The other project comes from the significant questions I posed earlier: What does all this mean, and how does it help the dive community? With all the new knowledge, can we do something besides treating somebody with DCS in a chamber? Hyperbaric treatment may not always be available. We are looking at pharmaceuticals that can reverse or at least suppress the insult related to microparticles and the inflammatory responses. Many agents — none of them available in your local pharmacy — work in the model. One of these agents, which we have already shown to work in the model, is now approved for investigation in humans with several kinds of infections but not yet for dive injuries.

Those who don’t agree with me when I say that DCS is an inflammatory disease will probably be upset about this line of research. If you can accept that statement, however, there are a lot of potentially useful pharmaceutical agents that are worth investigating as a prophylactic or even therapeutic measure.
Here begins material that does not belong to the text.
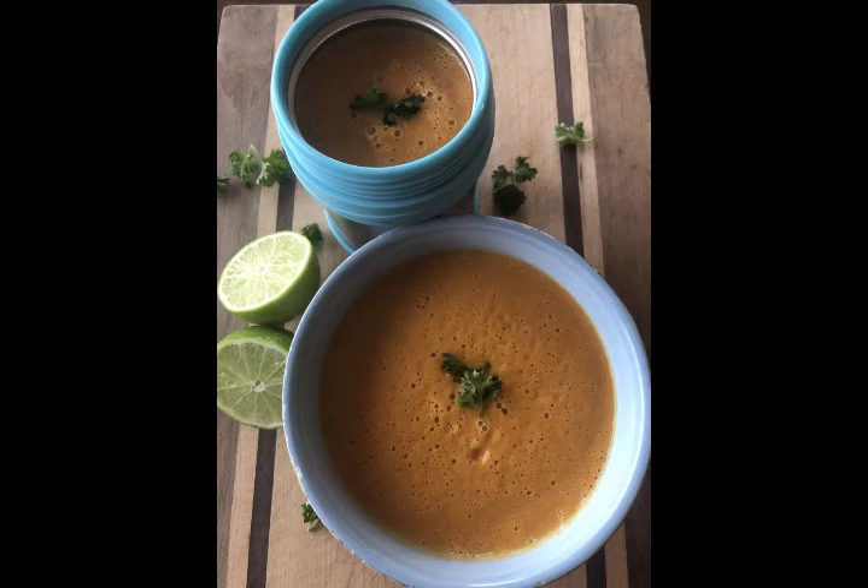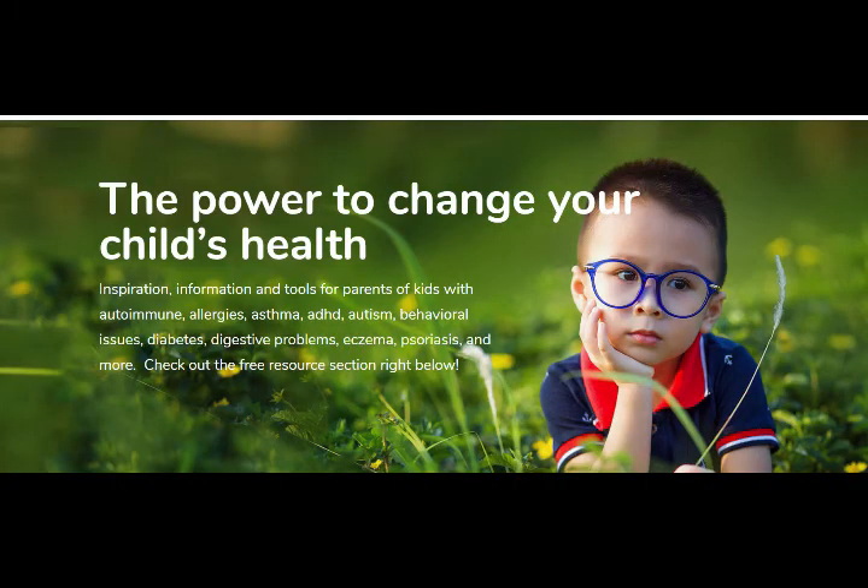If you'd like a copy of this recipe or any of the other school snack series recipes, please join my free community. Go to kidshealthrevolution.com, click the join the community button, hop in your email address, and that's it — you're in. Join us in the free Facebook group; there's a file section with all the archetype recipes. We have over 40 recipes in there now, and I will also send the recipes straight to your inbox each week.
There’s still a lot to be done.

What do you do in your free time?

I like to kayak, and I create stained glass windows and lamps in my off time, but it really comes down to spending more time in the lab.

Is there anything else you want our readers to know?

It has always been incredibly helpful to connect and collaborate with other scientists and groups. If anyone has the means to safely draw blood from divers — any kind of diving: recreational, provocative technical, scientific, or anything else — before and after a dive, we are always looking for subjects to add to our studies. Safely collecting blood in this context means having an ethical protocol that an institutional review board has approved. I would be delighted to collaborate with anyone interested.